### The problem
All of the data that appears below is to be given again precisely as written.

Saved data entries
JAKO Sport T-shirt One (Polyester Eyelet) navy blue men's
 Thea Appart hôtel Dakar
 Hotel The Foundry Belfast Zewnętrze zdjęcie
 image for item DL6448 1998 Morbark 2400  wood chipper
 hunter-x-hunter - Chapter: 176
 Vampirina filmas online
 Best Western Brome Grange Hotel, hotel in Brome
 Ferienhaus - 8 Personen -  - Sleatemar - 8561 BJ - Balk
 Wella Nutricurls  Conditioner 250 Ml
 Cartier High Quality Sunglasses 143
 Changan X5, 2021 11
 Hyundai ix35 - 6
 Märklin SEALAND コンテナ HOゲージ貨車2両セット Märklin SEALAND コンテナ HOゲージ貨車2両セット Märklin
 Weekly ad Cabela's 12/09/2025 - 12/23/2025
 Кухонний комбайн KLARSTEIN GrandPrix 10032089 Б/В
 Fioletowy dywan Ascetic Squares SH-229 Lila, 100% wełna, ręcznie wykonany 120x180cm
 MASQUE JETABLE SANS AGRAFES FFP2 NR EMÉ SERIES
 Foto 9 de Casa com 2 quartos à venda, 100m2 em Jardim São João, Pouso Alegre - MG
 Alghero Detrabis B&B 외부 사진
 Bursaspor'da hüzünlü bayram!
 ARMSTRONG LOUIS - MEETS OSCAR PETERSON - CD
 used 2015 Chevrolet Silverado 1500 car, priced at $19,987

### Exercise solution
JAKO Sport T-shirt One (Polyester Eyelet) navy blue men's
 Thea Appart hôtel Dakar
 Hotel The Foundry Belfast Zewnętrze zdjęcie
 image for item DL6448 1998 Morbark 2400  wood chipper
 hunter-x-hunter - Chapter: 176
 Vampirina filmas online
 Best Western Brome Grange Hotel, hotel in Brome
 Ferienhaus - 8 Personen -  - Sleatemar - 8561 BJ - Balk
 Wella Nutricurls  Conditioner 250 Ml
 Cartier High Quality Sunglasses 143
 Changan X5, 2021 11
 Hyundai ix35 - 6
 Märklin SEALAND コンテナ HOゲージ貨車2両セット Märklin SEALAND コンテナ HOゲージ貨車2両セット Märklin
 Weekly ad Cabela's 12/09/2025 - 12/23/2025
 Кухонний комбайн KLARSTEIN GrandPrix 10032089 Б/В
 Fioletowy dywan Ascetic Squares SH-229 Lila, 100% wełna, ręcznie wykonany 120x180cm
 MASQUE JETABLE SANS AGRAFES FFP2 NR EMÉ SERIES
 Foto 9 de Casa com 2 quartos à venda, 100m2 em Jardim São João, Pouso Alegre - MG
 Alghero Detrabis B&B 외부 사진
 Bursaspor'da hüzünlü bayram!
 ARMSTRONG LOUIS - MEETS OSCAR PETERSON - CD
 used 2015 Chevrolet Silverado 1500 car, priced at $19,987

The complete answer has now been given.